Two weekends ago, SMU fans stormed the field. Saturday, the student section had more empty cups and cans than students midway through the third quarter.

Two weekends ago, SMU players yowled and celebrated so loudly that they could be heard during Houston coach Tom Herman’s press conference. Saturday, Memphis players left the Ford Stadium field, shouting “We bowling!” after reaching six wins.

Earlier this week, SMU landed in ESPN’s bowl projections. This week, they’ll surely be projectiled out of them.

Yup, 38-16 vs. No. 11 feels ancient, replaced with 51-7 and fresh memory of SMU vs. Memphis past. Ecstatic to embarrassed. Inflated to deflated. The impressive step SMU took just two weeks ago is a distant memory.

“Everybody’s embarrassed and hurt. I know I am,” quarterback Ben Hicks said. “That was about as embarrassing as anything I’ve been a part of.”

Loss and poor practice aside, SMU has still taken steps from last year. Four wins compared to two is enough to prove that. But the bowl game dreams may have proven too premature. Just when SMU gets on a winning streak, it comes falling back to the reality that it doesn’t know how to win consistently yet.

“I thought we were playing uninspired, as if we had arrived,” head coach Chad Morris said.
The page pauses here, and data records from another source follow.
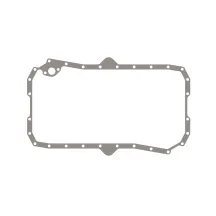 Cummins 3939354 Uszczelka miski olejowej | Sklep Dealera Cummins
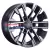 18'' 6x139,7 ET38 D67,1 7,5J Replay MI169 GMF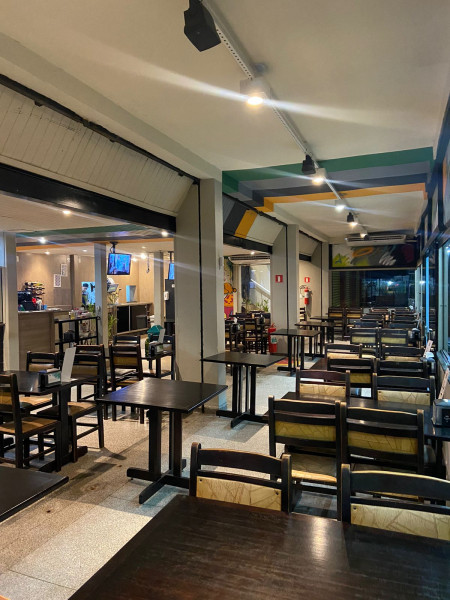 Comercial à venda Jardim Santa Maria com 277m² e 1 quarto por R$ 160.000 - 1627669066-9269abae-984a-4ad0-9a86-9e2b8be9a334.jpeg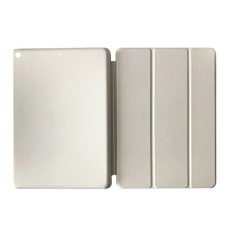 Чохол-книжка Apple iPad 9.7, iPad 9.7 New 2018, Smart Case Classic, Білий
After Hicks said SMU had an unproductive and unfocused practice on Wednesday, it’s no surprise. That’s no way to prepare for a team trying to reach bowl eligibility after losing two straight games. And it’s an easy way fall behind in the way SMU did.

Memphis needed only two plays to go 81 yards and score on its opening drive. SMU gave Memphis the ball five yards shy of the end zone after Hicks was strip-sacked on the team’s second possession. Just 3:42 into the game, SMU trailed 14-0. When SMU had some life after a 91-yard touchdown drive to cut the deficit to 14-7, Memphis running back Darrell Henderson returned the ensuing kickoff 99 yards for a touchdown. At halftime, Memphis had scored 38 points.
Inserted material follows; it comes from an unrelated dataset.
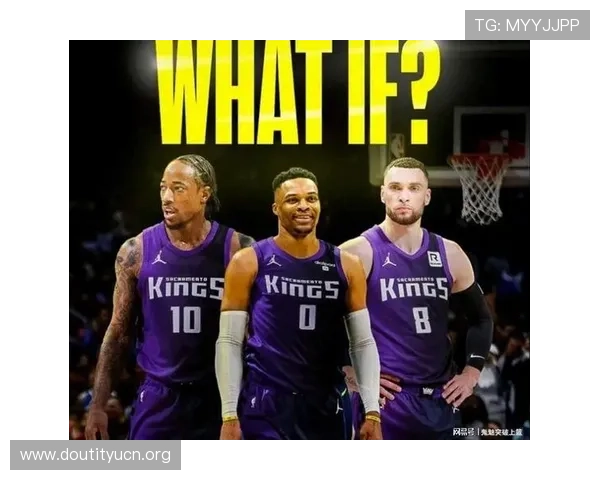 斗球体育直播app官网1.51最新版本全面升级,带来更流畅的赛事观看体验 斗球体育直播app官网1.51最新版本全面升级,带来更流畅的赛事观看体验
A team that had just reached a .500 record certainly hasn’t arrived. One top-15 win doesn’t signal an arrival, as Morris said the week after. Falling into that mental trap leads to games full of missed tackles, blown coverages, free rushers, turnovers and an inability to execute a game plan.
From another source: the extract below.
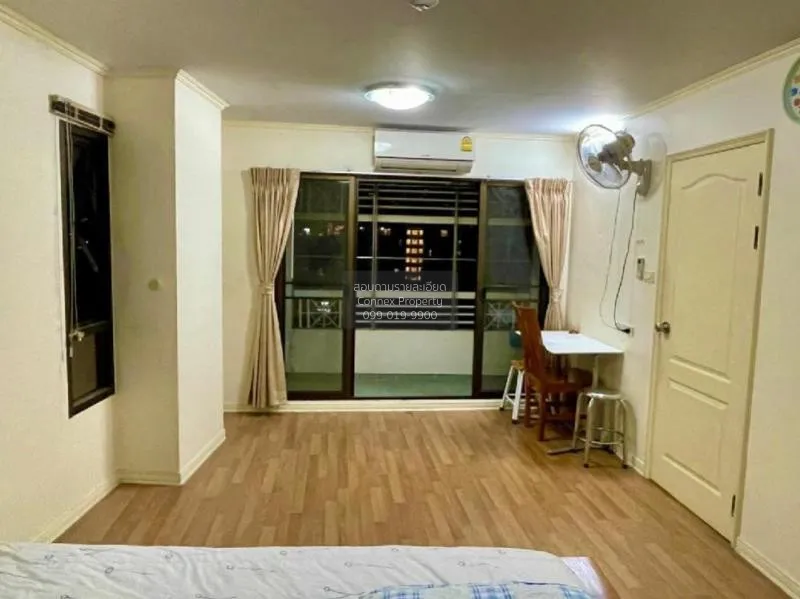 ขายคอนโด  ลุมพินี เพลส นราธิวาส 24 BTS-ช่องนนทรี ช่องนนทรี เขต ยา 3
SMU’s game plan was to run the ball early. The staff identified it as doable after watching Memphis on tape. In the Tigers two straight losses before Saturday, they allowed 447 and 362 yards on the ground, respectively.

“We obviously did not execute that, only rushing for 100 yards, some of that right at the end,” Morris said.

Through 10 weeks of the season, it’s rare to find a team without an identity. You could call SMU’s perfect inconsistency. Start 2-2, then lay an egg at Temple. Get back to 4-4 with the help of the first top-15 win in more than 30 years, then play the worst game of the season.

“I really think you’re going to find out a lot about this football program and this football team this week,” Morris said. “How these young men respond, how our staff responds moving forward. I think you’ll find out a lot about who we are and what we’re about.”

If nothing else, SMU has been in the position before. Morris challenged his team to respond and called out players during film review after the sack-filled, turnover-laden loss to Temple. SMU followed with two straight games without allowing a sack or committing a turnover.

For SMU to chant “We bowling!”, it needs a similar response.